= What is required =
Leave out the pictures and retype, exactly, the lines below from the line with "LAlKOU Japan Sakura" up to and including the line with "Wheel Rim Cover", nothing more.

= Source material =

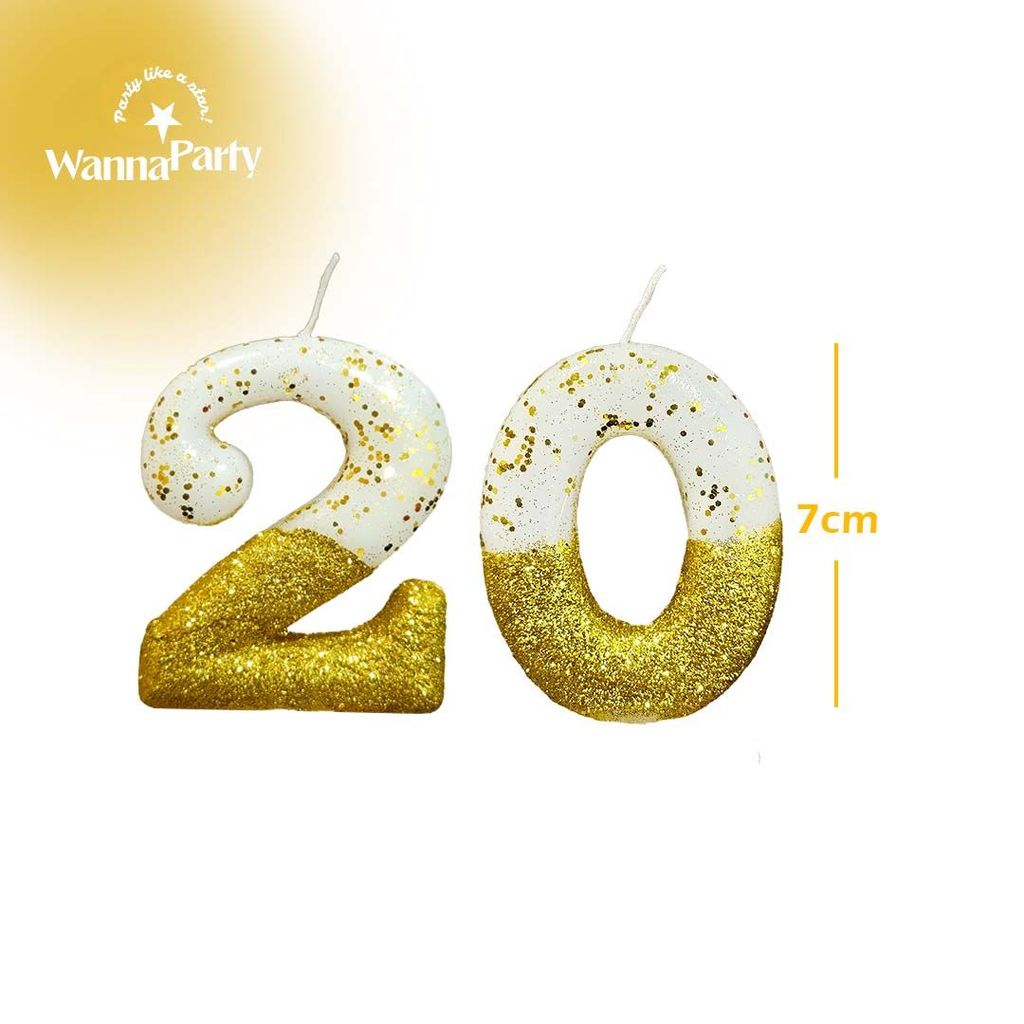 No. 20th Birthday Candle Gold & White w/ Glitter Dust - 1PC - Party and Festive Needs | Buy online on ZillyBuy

* * *

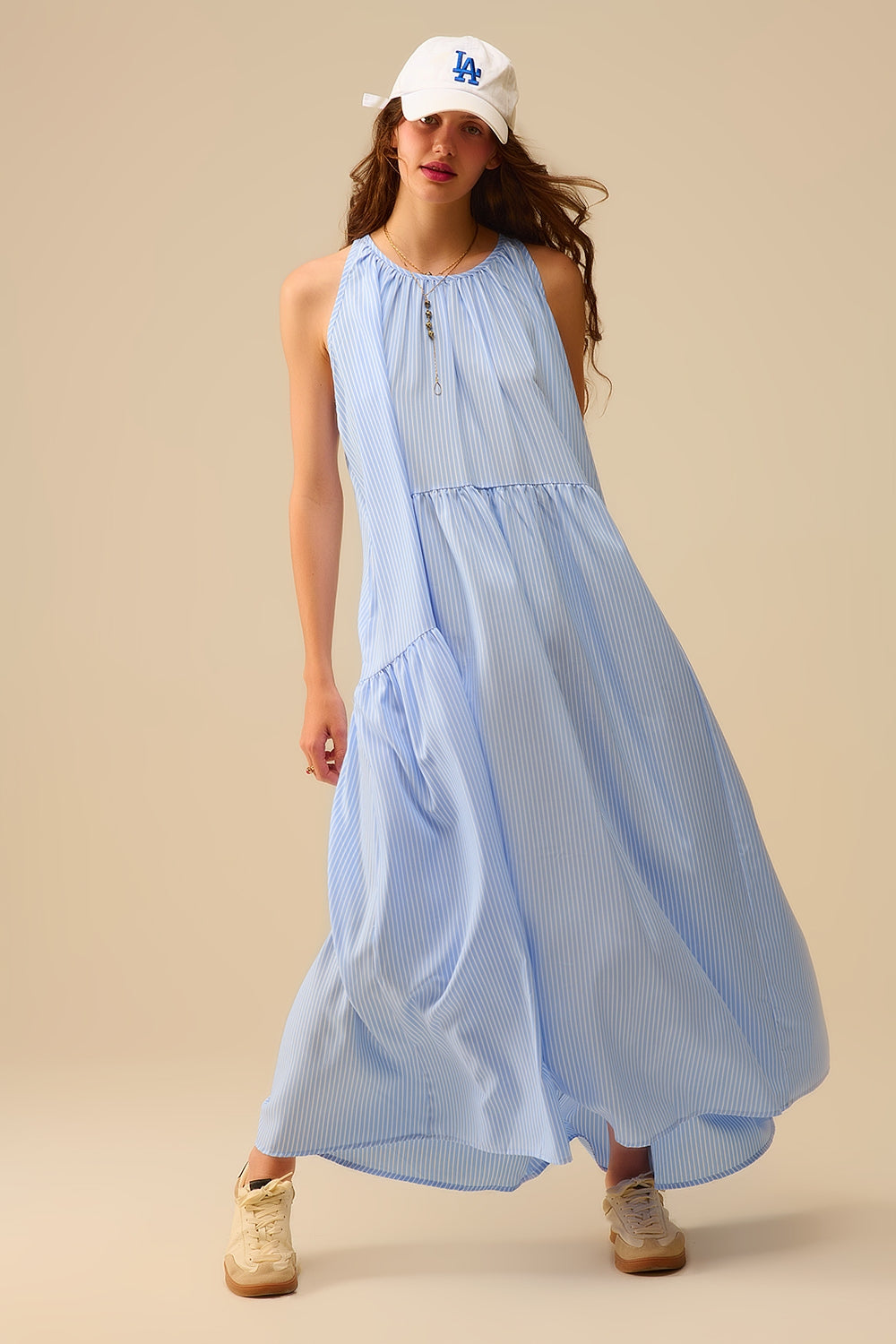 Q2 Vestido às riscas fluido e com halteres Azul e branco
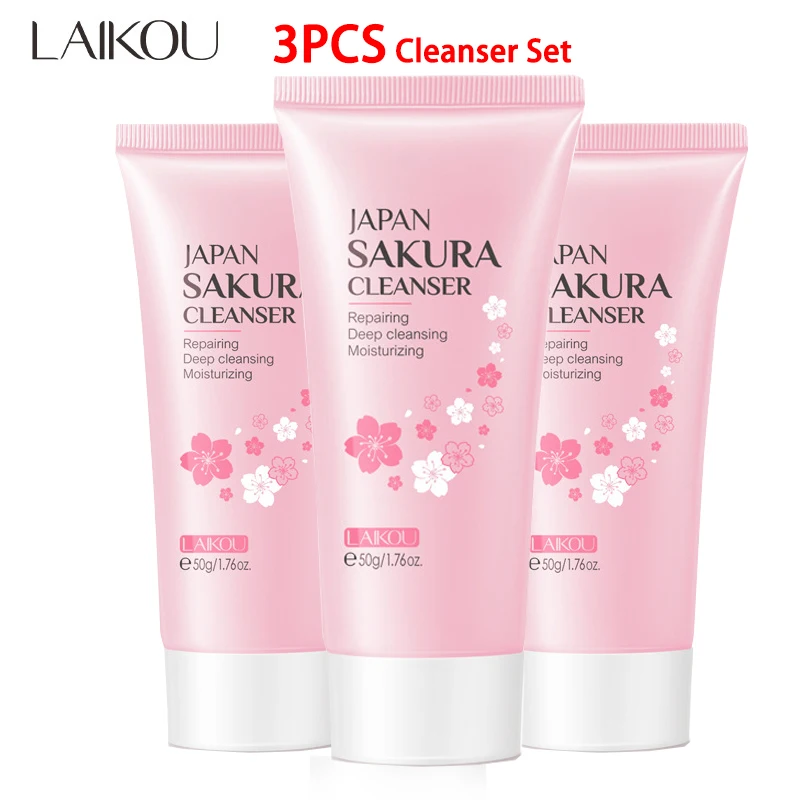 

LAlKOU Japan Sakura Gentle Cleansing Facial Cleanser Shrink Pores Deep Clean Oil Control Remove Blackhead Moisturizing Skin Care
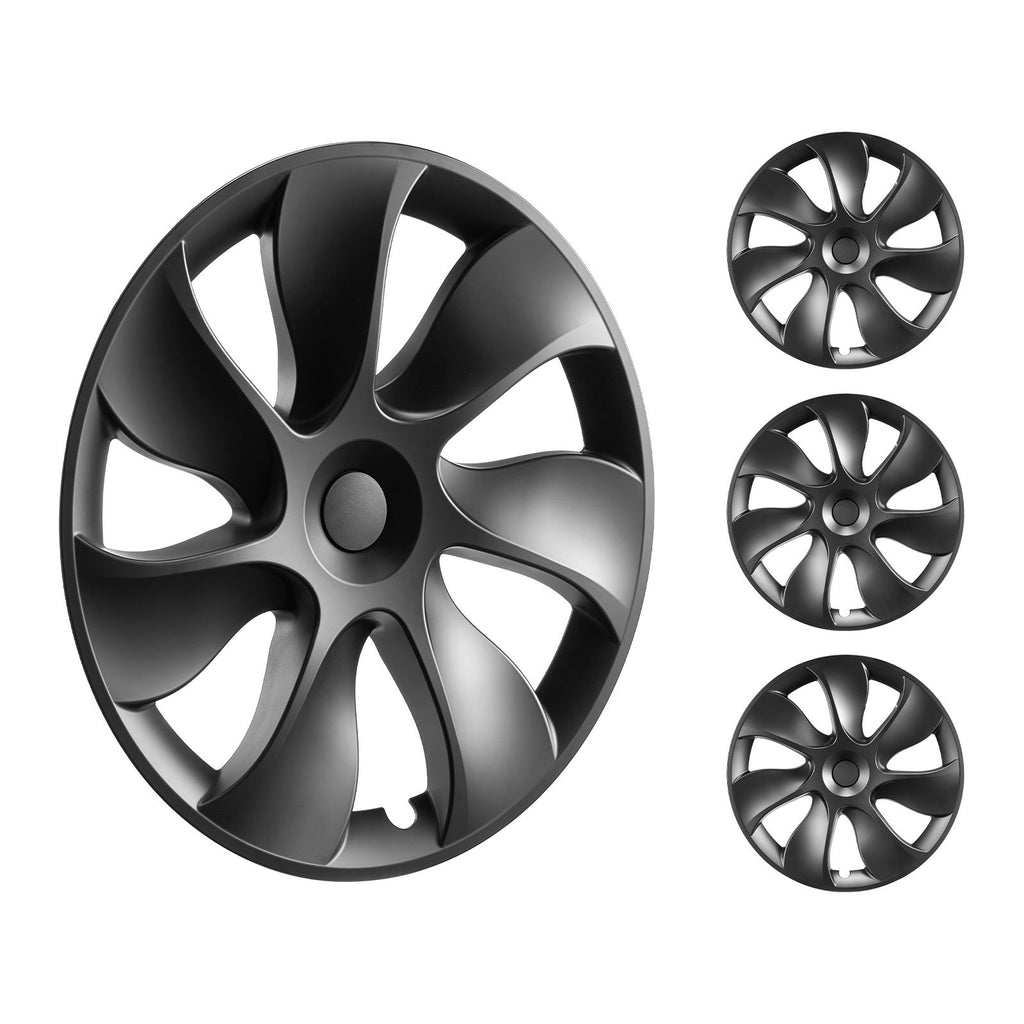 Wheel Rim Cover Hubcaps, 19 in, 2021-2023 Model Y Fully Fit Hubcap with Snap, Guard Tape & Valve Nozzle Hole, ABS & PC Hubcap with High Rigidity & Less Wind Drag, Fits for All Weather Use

* * *

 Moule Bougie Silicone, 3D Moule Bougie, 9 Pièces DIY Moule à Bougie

= Answer to this task =
LAlKOU Japan Sakura Gentle Cleansing Facial Cleanser Shrink Pores Deep Clean Oil Control Remove Blackhead Moisturizing Skin Care
 Wheel Rim Cover Hubcaps, 19 in, 2021-2023 Model Y Fully Fit Hubcap with Snap, Guard Tape & Valve Nozzle Hole, ABS & PC Hubcap with High Rigidity & Less Wind Drag, Fits for All Weather Use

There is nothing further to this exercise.